Ramadan Ahmed, Kamel Ahmed, Taha Alaa, El-Shabrawy Abdelhamid, Abdel-Fatah Noura Anwar
Data Science and Medical Information Department, DataClin Contract Research Organization, Egypt.
Department of Biostatistics and Demography, Faculty of Graduate Studies for Statistical Research, Cairo University, Egypt.
Heliyon. 2020 Nov;6(11):e05575. doi: 10.1016/j.heliyon.2020.e05575. Epub 2020 Nov 24.
To understand the impact and volume of coronavirus (COVID-19) crisis, univariate analysis is tedious for describing the datasets reported daily. However, to capture the full picture and be able to compare situations and consequences for different countries, multivariate analytical models are suggested in order to visualize and compare the situation of different countries more accurately and precisely.

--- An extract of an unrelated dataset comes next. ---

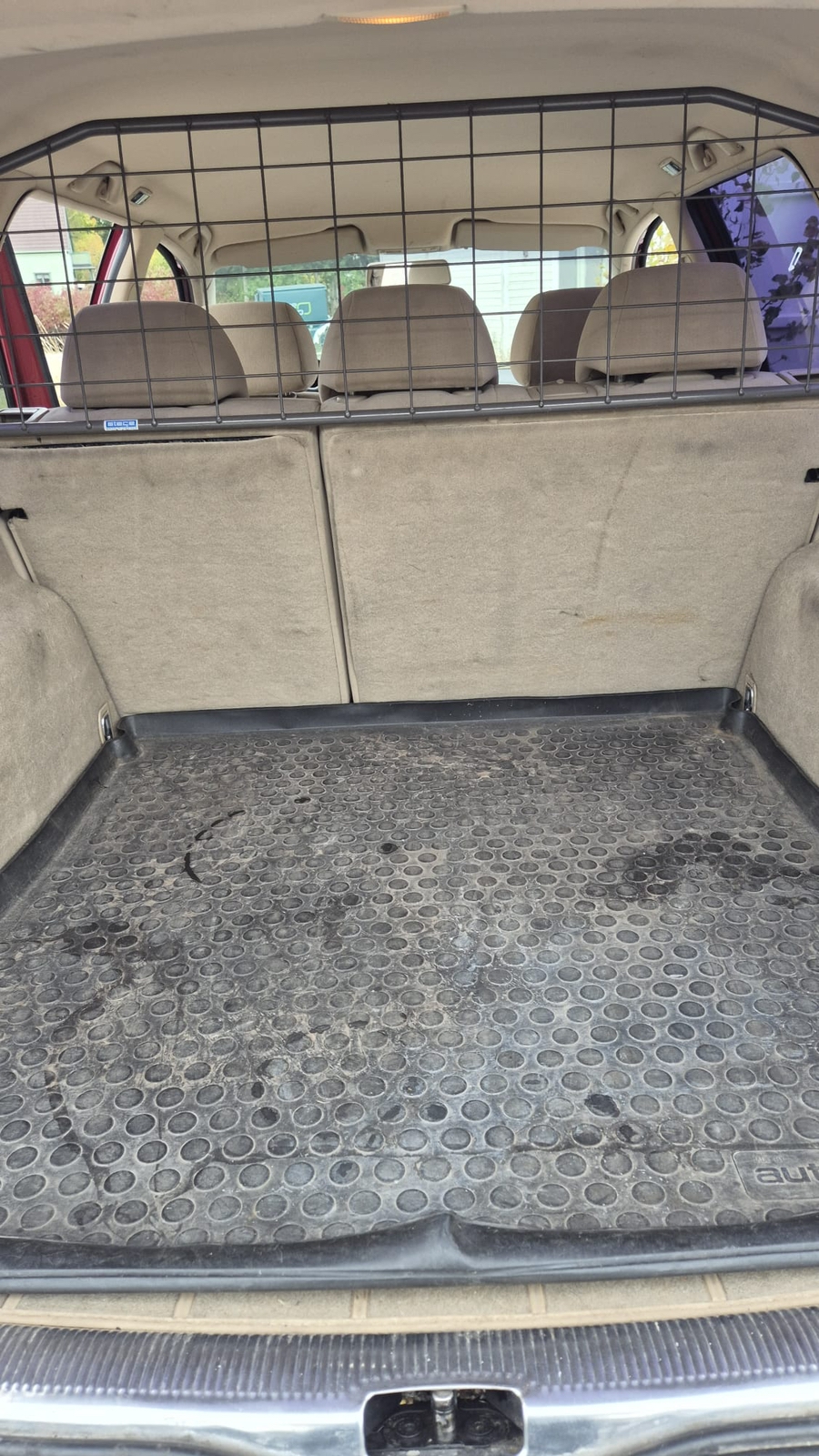 Volkswagen Passat 2000, bild 5/5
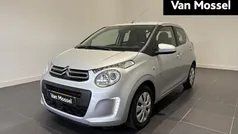 Grijs Gebruikt 2020 Citroën C1 Feel Hatchback | € 10.735 (Eerlijke prijs)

We aimed to utilize data analysis tools that display the relative positions of data points in fewer dimensions while keeping the variation of the original data set as much as possible, and cluster countries according to their scores on the formed dimensions.
Principal component analysis (PCA) and Partitioning around medoids (PAM) clustering algorithms were used to analyze data of 56 countries, 82 countries and 91 countries with COVID-19 at three time points, eligible countries included in the analysis are those with total cases of 500 or more with no missing data.
After performing PCA, we generated two scores: Disease Magnitude score that represents total cases, total deaths, total actives cases, and critically ill cases, and Mortality Recovery Ratio score that represents the ratio between total deaths to total recoveries in any given country.
Accurate multivariate analyses can be of great value as they can simplify difficult concepts, explore and communicate findings from health datasets, and support the decision-making process.
为了解冠状病毒(COVID-19)危机的影响和规模,单变量分析对于描述每日报告的数据集来说很繁琐。然而,为了全面了解情况并能够比较不同国家的情况和后果,建议使用多变量分析模型,以便更准确、精确地可视化和比较不同国家的情况。
我们旨在利用数据分析工具,在尽可能保留原始数据集变化的同时,以更少的维度显示数据点的相对位置,并根据各国在形成的维度上的得分对其进行聚类。
使用主成分分析(PCA)和围绕中心点划分(PAM)聚类算法,对三个时间点上有COVID-19疫情的56个国家、82个国家和91个国家的数据进行分析,纳入分析的合格国家是那些总病例数为500或更多且无缺失数据的国家。
进行主成分分析后,我们生成了两个分数:疾病严重程度分数,代表总病例数、总死亡数、总活跃病例数和重症病例数;死亡率恢复率分数,代表任何给定国家的总死亡数与总康复数之比。
准确的多变量分析可能具有很大价值,因为它们可以简化复杂概念,探索和交流健康数据集的结果,并支持决策过程。